Date & start time: Saturday 2nd March 2013, midday start.
Location of Start : Roadside near Highside Farm, Embleton, Cumbria, Uk ( NY 168 286 )
Places visited : Tom Rudd Beck, Graystones, Widow Hause, Burthwaite Heights, back alongside Ling Fell.
Walk details : 5.9 mls, 1400 ft of ascent, 4 hour 30 mins.
Highest point : Graystones 1,496ft - 456m.
Walked with : Jo, Ian, Ann and the dogs, Jodie, Amber, Harry and Bethan.
Weather : Overcast but sunny periods towards the end. Cool, dry, very little breeze.
[ Alter the settings to zoom or change the Map, use Everytrail to download the Gps route ]
The back O'Skiddaw would be an idea for a walk today,
but then we thought about an area that we had often seen but not really visited recently, that was not dissimilar.
Gentle slopes, grassland, a nice round walk, not so far to drive . . . let's go for that . . .
The footpath sign sends us to the area behind Ling Fell in the North Western Fells.
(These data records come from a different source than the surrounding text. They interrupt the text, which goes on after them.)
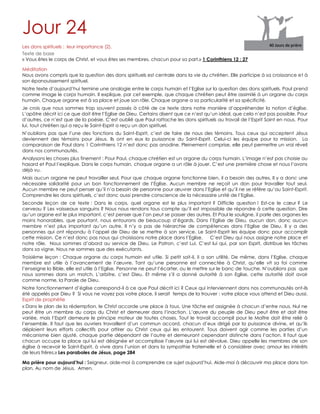 Jour 24
Les dons spirituels : leur importance (2).
Texte de base
« Vous êtes le corps de Christ, et vous êtes ses membres, chacun pour sa part.» 1 Corinthiens 12 : 27
Méditation
Nous avons compris que la question des dons spirituels est centrale dans la vie du chrétien. Elle participe à sa croissance et à
son épanouissement spirituel.
Notre texte d‟aujourd‟hui termine une analogie entre le corps humain et l‟Eglise sur la question des dons spirituels. Paul prend
comme image le corps humain. Il explique, par cet exemple, que chaque chrétien peut être assimilé à un organe du corps
humain. Chaque organe est à sa place et joue son rôle. Chaque organe a sa particularité et sa spécificité.
Je crois que nous sommes trop souvent passés à côté de ce texte dans notre manière d‟appréhender la notion d‟église.
L‟apôtre décrit ici ce que doit être l‟Eglise de Dieu. Certains disent que ce n‟est qu‟un idéal, que cela n‟est pas possible. Pour
d‟autres, ce n‟est que de la poésie. C‟est oublié que Paul rattache les dons spirituels au travail de l‟Esprit Saint en nous. Pour
lui, tout chrétien qui a reçu le Saint-Esprit a reçu un don spirituel.
N‟oublions pas que l‟une des fonctions du Saint-Esprit, c‟est de faire de nous des témoins. Tous ceux qui acceptent Jésus
deviennent des témoins pour Jésus. Ils ont en eux la puissance du Saint-Esprit. Celui-ci les équipe pour la mission. La
comparaison de Paul dans 1 Corinthiens 12 n‟est donc pas anodine. Pleinement comprise, elle peut permettre un vrai réveil
dans nos communautés.
Analysons les choses plus finement : Pour Paul, chaque chrétien est un organe du corps humain. L‟image n‟est pas choisie au
hasard et Paul l‟explique. Dans le corps humain, chaque organe a un rôle à jouer. C‟est une première chose et nous l‟avons
déjà vu.
Mais aucun organe ne peut travailler seul. Pour que chaque organe fonctionne bien, il a besoin des autres. Il y a donc une
nécessaire solidarité pour un bon fonctionnement de l‟Eglise. Aucun membre ne reçoit un don pour travailler tout seul.
Aucun membre ne peut penser qu‟il n‟a besoin de personne pour œuvrer dans l‟Eglise et qu‟il ne se réfère qu‟au Saint-Esprit.
Comprendre les dons spirituels, c‟est donc aussi prendre conscience de la nécessaire unité de l‟Eglise.
Seconde leçon de ce texte : Dans le corps, quel organe est le plus important ? Difficile question ! Est-ce le cœur ? Le
cerveau ? Les vaisseaux sanguins ? Nous nous rendons tous compte qu‟il est impossible de répondre à cette question. Dire
qu‟un organe est le plus important, c‟est penser que l‟on peut se passer des autres. Et Paul le souligne, il parle des organes les
moins honorables, que pourtant, nous entourons de beaucoup d‟égards. Dans l‟Eglise de Dieu, aucun don, donc aucun
membre n‟est plus important qu‟un autre. Il n‟y a pas de hiérarchie de compétences dans l‟Eglise de Dieu. Il y a des
personnes qui ont répondu à l‟appel de Dieu de se mettre à son service. Le Saint-Esprit les équipe donc pour accomplir
cette mission. Ce n‟est donc pas nous qui choisissons notre place dans l‟Eglise. C‟est Dieu qui nous assigne notre place et
notre rôle. Nous sommes d‟abord au service de Dieu. Le Patron, c‟est Lui. C‟est lui qui, par son Esprit, distribue les tâches
dans sa vigne. Nous ne sommes que des exécutants.
Troisième leçon : Chaque organe du corps humain est utile. Si petit soit-il, il a son utilité. De même, dans l‟Eglise, chaque
membre est utile à l‟avancement de l‟œuvre. Tant qu‟une personne est connectée à Christ, qu‟elle vit sa foi comme
l‟enseigne la Bible, elle est utile à l‟Eglise. Personne ne peut l‟écarter, ou le mettre sur le banc de touche. N‟oublions pas que
nous sommes dans un match. L‟arbitre, c‟est Dieu. Et même s‟il a donné autorité à son Eglise, cette autorité doit avoir
comme norme, la Parole de Dieu.
Notre fonctionnement d‟église correspond-il à ce que Paul décrit ici ? Ceux qui interviennent dans nos communautés ont-ils
été appelés par Dieu ? Si vous ne voyez pas votre place, il serait temps de la trouver : votre place vous attend et Dieu aussi.
Esprit de prophétie
« Dans le plan de la rédemption, le Christ accorde une place à tous. Une tâche est assignée à chacun d‟entre nous. Nul ne
peut être un membre du corps du Christ et demeurer dans l‟inaction. L‟œuvre du peuple de Dieu peut être et doit être
variée, mais l‟Esprit demeure le principe moteur de toutes choses. Tout le travail accompli pour le Maître doit être relié à
l‟ensemble. Il faut que les ouvriers travaillent d‟un commun accord, chacun d‟eux dirigé par la puissance divine, et qu‟ils
déploient leurs efforts collectifs pour attirer au Christ ceux qui les entourent. Tous doivent agir comme les parties d‟un
mécanisme bien ajusté, chaque partie dépendant de l‟autre et demeurant cependant distincte dans l‟action. Il faut que
chacun occupe la place qui lui est désignée et accomplisse l‟œuvre qui lui est dévolue. Dieu appelle les membres de son
église à recevoir le Saint-Esprit, à vivre dans l‟union et dans la sympathie fraternelle et à considérer avec amour les intérêts
de leurs frères.» Les paraboles de Jésus, page 284
Ma prière pour aujourd’hui : Seigneur, aide-moi à comprendre ce sujet aujourd‟hui. Aide-moi à découvrir ma place dans ton
plan. Au nom de Jésus. Amen.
A large bog criss-crossed with drainage ditches
is what we know about . . . but the weather has been cold and dry and so many bogs are frozen and easy to walk across.
Our plan was one better, to keep to the higher ground around the edge !
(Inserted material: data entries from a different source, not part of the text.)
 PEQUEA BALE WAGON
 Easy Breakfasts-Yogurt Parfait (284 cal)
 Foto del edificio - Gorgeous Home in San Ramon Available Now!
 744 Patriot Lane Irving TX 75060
Wainwright's NW Fells book, "Graystones from Embleton Church" was the inspiration for the start,
the rest would follow depending on how we felt along the way.
Today's small crowd . . . Jo, myself and Ian, with Ann behind the camera.
Spring is in the air but it is still cool, especially as the blue skies have given way to overcast conditions.
It is a good year for Snowdrops it seems . . . we passed these on the way up to the farm near the start of the walk.
" Ladies in Waiting "
2nd March so the hill flocks will be nearing lambing time . . . these are indoors for a reason obviously.
Many farmers are using large lambing shed to protect the new born lambs . . . and themselves if they have to turn out on a rough night to help.
We strike out onto open ground and look back to see Embleton and the distant town of Cockermouth.
A short while further up the track and we can look forward to the route ahead.
We plan to walk the tree line that runs along Widow Hause on the ridge between Graystones and Broom Fell.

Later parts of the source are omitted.